Non-entrepreneurial Mind Founder Characteristics That May Prevent Startup Survival
Non-entrepreneurial Mind: So much is written about the entrepreneurial mind, including by me. Much less is written on the non-entrepreneurial mind, which can be catastrophic for a new venture. My mentor, Jeffry Timmons, the late Babson Professor, wrote about it, very wisely.
He described eight tendencies of the non-entrepreneurial mind. If you are aiming to launch a startup or are associated with someone who has that intention, you might be concerned at the manifestation of any these characteristics, if you observe them.
These eight non-entrepreneurial characteristics may provide a ‘litmus test’ of those who will fail to make their venture succeed.
Eight Non-Entrepreneurial Characteristics
Here are eight characteristics of the non-entrepreneurial mind:
- Invulnerability: taking unnecessary chances or unwise risks (entrepreneurs are risk mitigators);
- Macho: showing that one is better than others (entrepreneurs avoid head-to-head competition);
- Anti-authoritarian: resenting outside authority (entrepreneurs thrive on feedback—positive and negative);
- Impulsivity: impulsiveness in decision making (entrepreneurs explore implications, pausing before action);
- Outer control: sense that external factors rule (entrepreneurs base success on their own work);
- Perfectionist: refusal to accept less (entrepreneurs are nimble and understand time and cost);
- Know it all: failure to recognize what is not known (entrepreneurs investigate and learn);
- Counter-dependency: severe independence (entrepreneurs recognize where help is needed).
Dangers of Risk Taking
These eight characteristics of the non-entrepreneurial mind tend to lead to careless risk taking. In entrepreneurship workshops, both as a participant myself, and as an MBA teacher, this list served as an easy way to assess those I could see making a go of a startup. In one workshop as a participant, I watched some fellow participants over-reach themselves in competitive activities, failing to spot their overconfidence would lead to failure. As a teacher, I encouraged every student, but I can recall individuals who always rejected fellow students’ advice, maintaining that their marketplace was one that others did not know about, and I silently expected their fictional ventures to fail.

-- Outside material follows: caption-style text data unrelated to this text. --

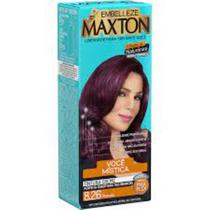 Tintura Maxton 8.26 Marsala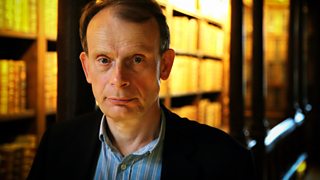 How do we go about bringing literature to the screen?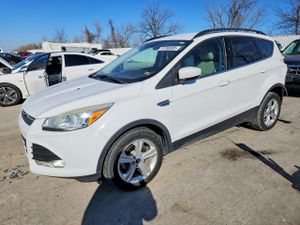 Ford Escape SE 1.6L 4 2014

As an MBA teacher of entrepreneurship for seven years, my approach was always to push students into their own experience. When I was asked what I expected in any student assignment, I generally answered by explaining why it was for the student to figure out, not for me to specify. I was not a math teacher. The brighter ones got the message, and as one student said in feedback on my teaching, “He provides only loose structure, challenging students to step into the role of an entrepreneur and tackle the hard work of prioritizing and project management.”

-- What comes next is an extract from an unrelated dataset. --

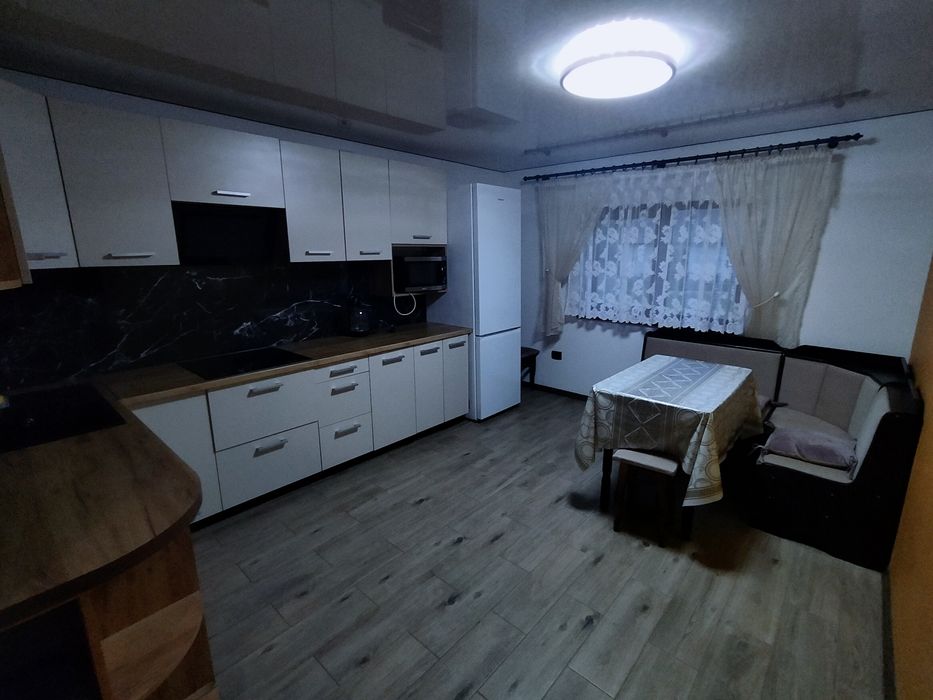 Оренда подобово Котедж РуТа  відпочинок у Карпатах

More than Half of Americans Believe they Could Start a Business
When I was doing some research on US startups, I was surprised to find that as many as 56% of American adults believe that they have the capabilities to start a business (Global Entrepreneurship Monitor 2013). I wonder how many of them have entrepreneurial minds? Maybe many rule themselves out of the game because they decide that they have non-entrepreneurial minds. Fifty-six per cent of Americans do NOT actually start a business. In fact only 0.32% of Americans do start businesses (Forbes, 2012), though 14% of working age Americans are either starting or running a business GEM Global Entrepreneurship Monitor 2015). Interesting to note: the GEM Monitor for 2018 shows that the USA is 32nd in the world on ‘entrepreneurial intentions’.
This difference—between those who think they could start a business and those who actually do—can be explained by the lack of an entrepreneurial mind. I was at a business pitch event recently, when I was struck by the fact that only one of the five pitches really demonstrated any kind of entrepreneurial mindset. Not one participant seemed to have a clear business model of how their ventures were going to satisfy customers and make money in a sustainable way. It might have been fruitful for all them to question themselves on how their behaviors would have to change to make a go of their businesses before finalizing their class assignment. There seemed to be a naïve approach to financial management and some basic accounting terminology was a foreign language to them. What was true in every case, was that the student entrepreneurs had a passion for their product, but while it’s necessary, that is simply insufficient to survive in business.